Try it
Only these lines, please: the first one of the records through the one containing "Kleurboek A5 Spidey", retyped exactly, both ends included and pictures omitted.

== Dataset records

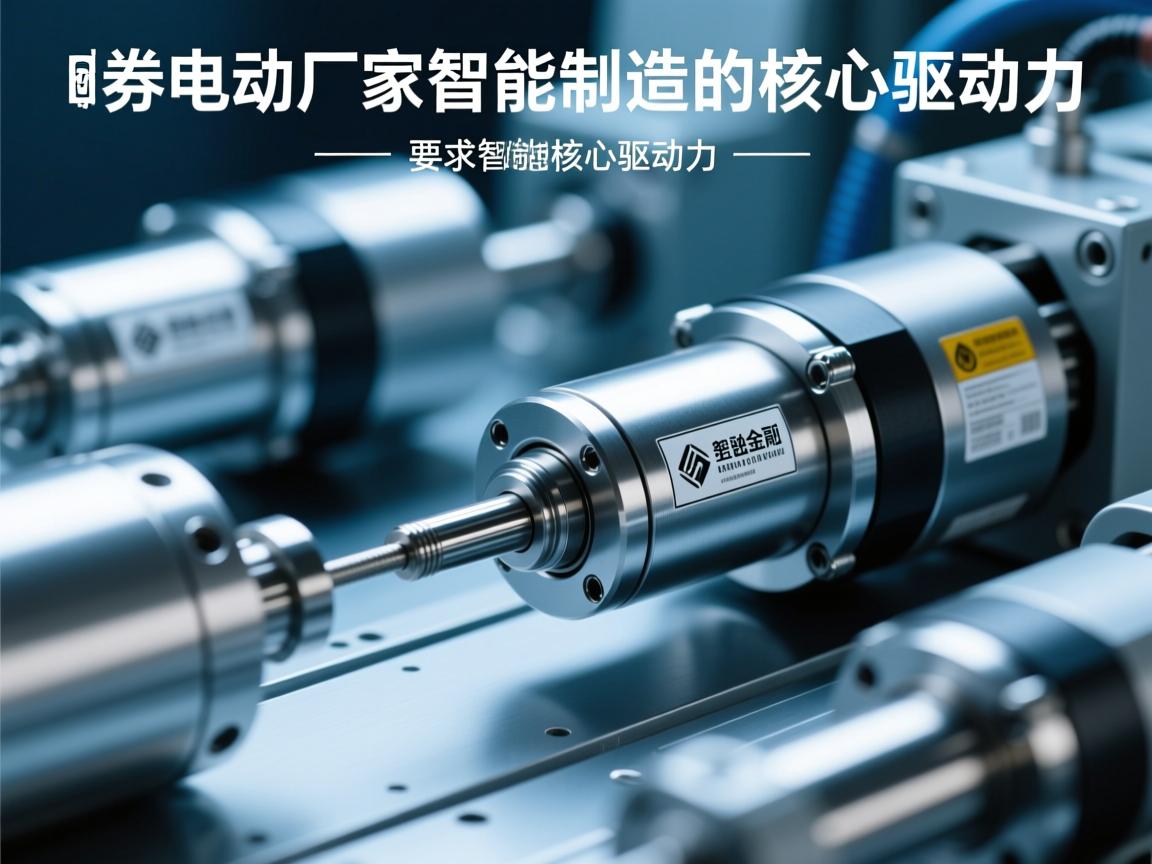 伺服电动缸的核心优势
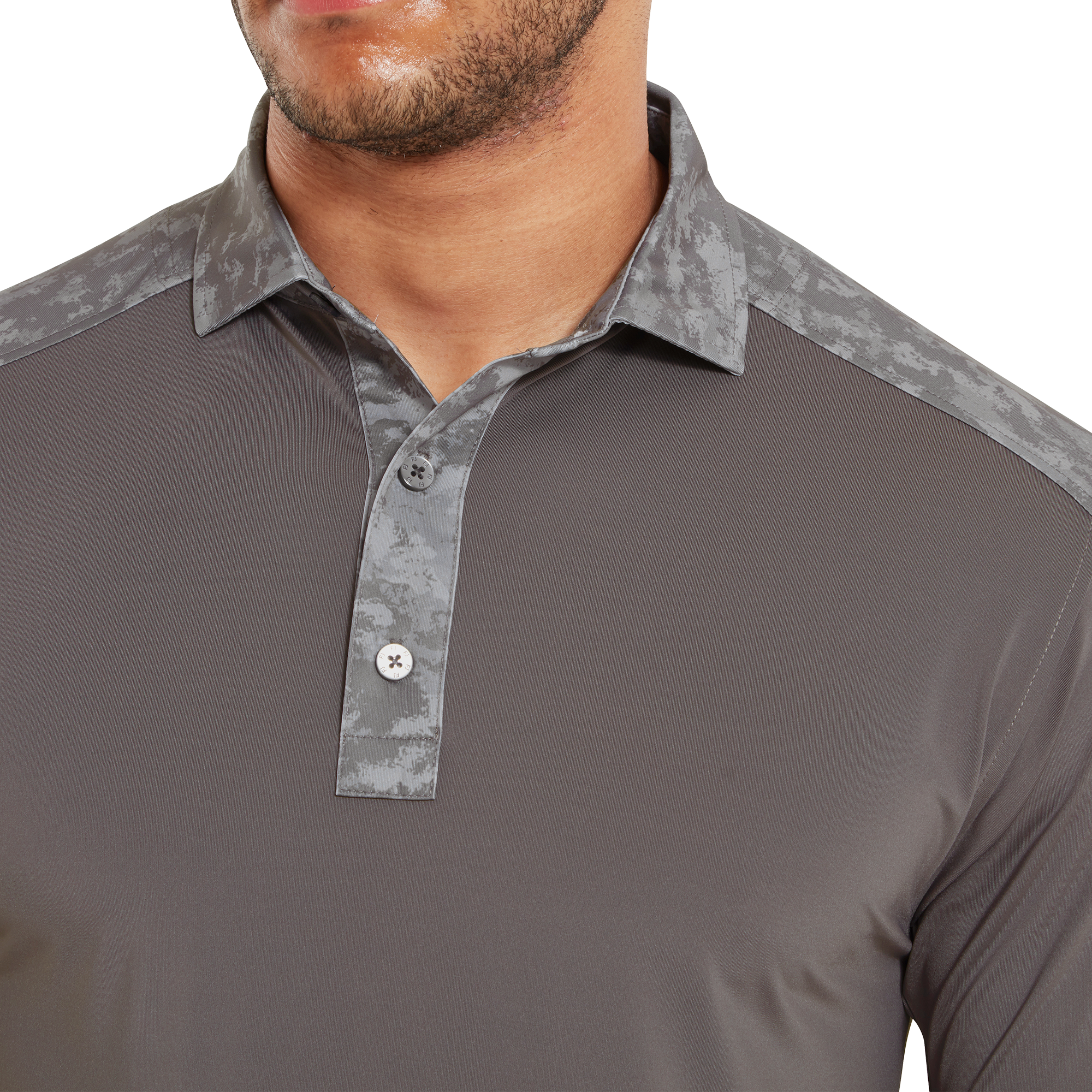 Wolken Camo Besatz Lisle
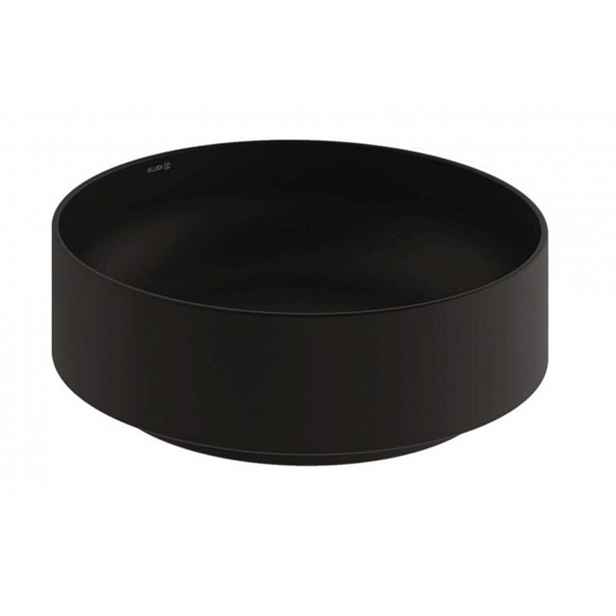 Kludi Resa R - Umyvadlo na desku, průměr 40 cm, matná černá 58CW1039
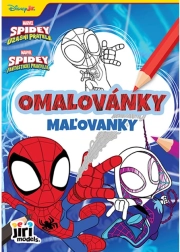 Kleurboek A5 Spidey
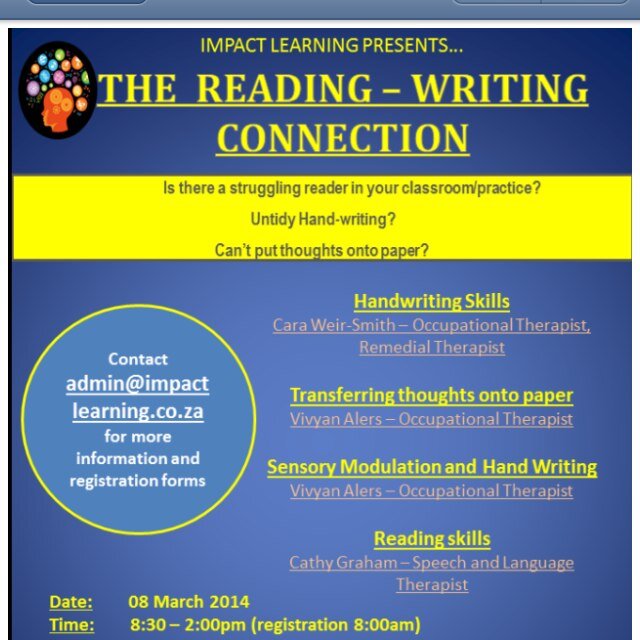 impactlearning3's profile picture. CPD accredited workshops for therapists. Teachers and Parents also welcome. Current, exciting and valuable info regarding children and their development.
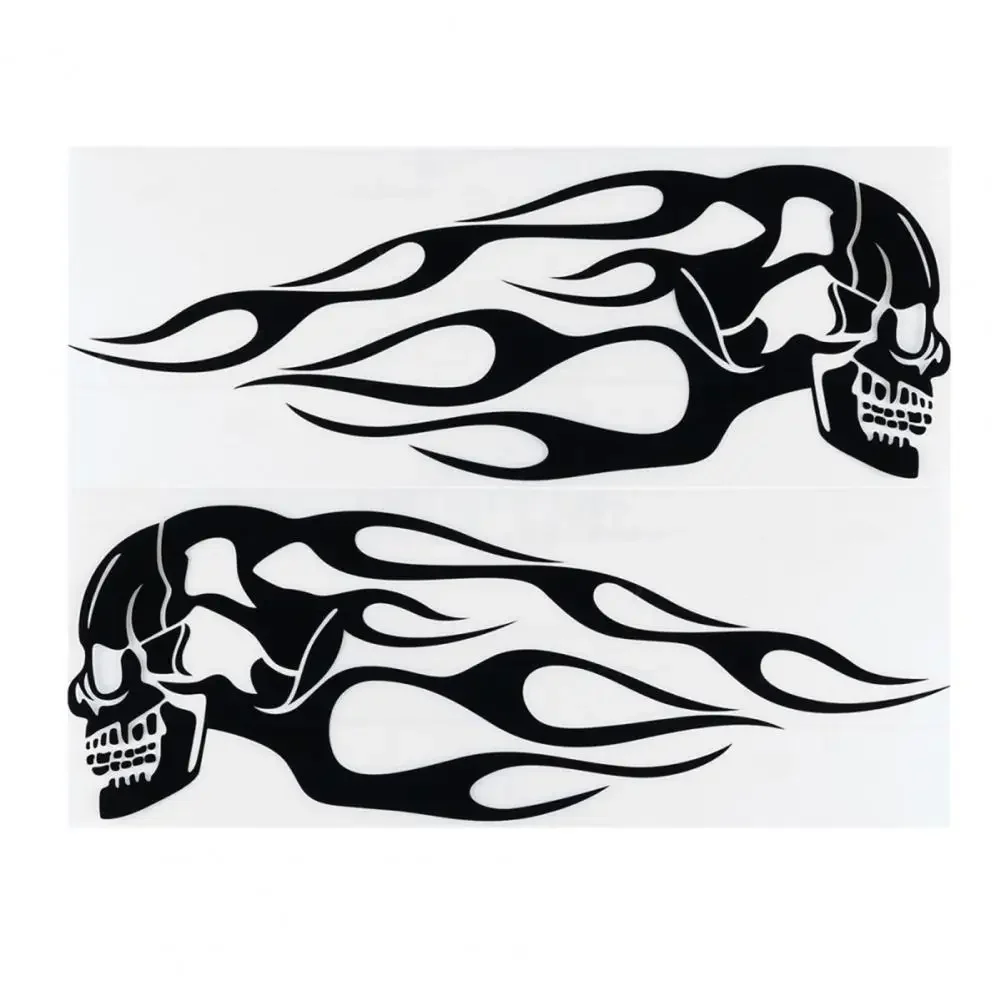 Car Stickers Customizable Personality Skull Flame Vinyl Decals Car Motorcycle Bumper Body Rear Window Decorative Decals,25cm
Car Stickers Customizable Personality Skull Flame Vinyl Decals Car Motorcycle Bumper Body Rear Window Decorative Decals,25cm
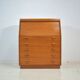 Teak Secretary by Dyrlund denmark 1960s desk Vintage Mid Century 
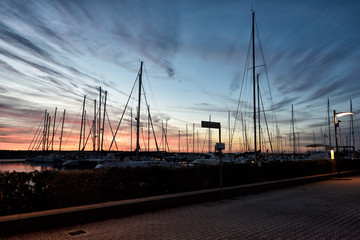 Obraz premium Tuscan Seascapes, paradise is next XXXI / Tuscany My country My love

====

Task response
 伺服电动缸的核心优势
 Wolken Camo Besatz Lisle
 Kludi Resa R - Umyvadlo na desku, průměr 40 cm, matná černá 58CW1039
 Kleurboek A5 Spidey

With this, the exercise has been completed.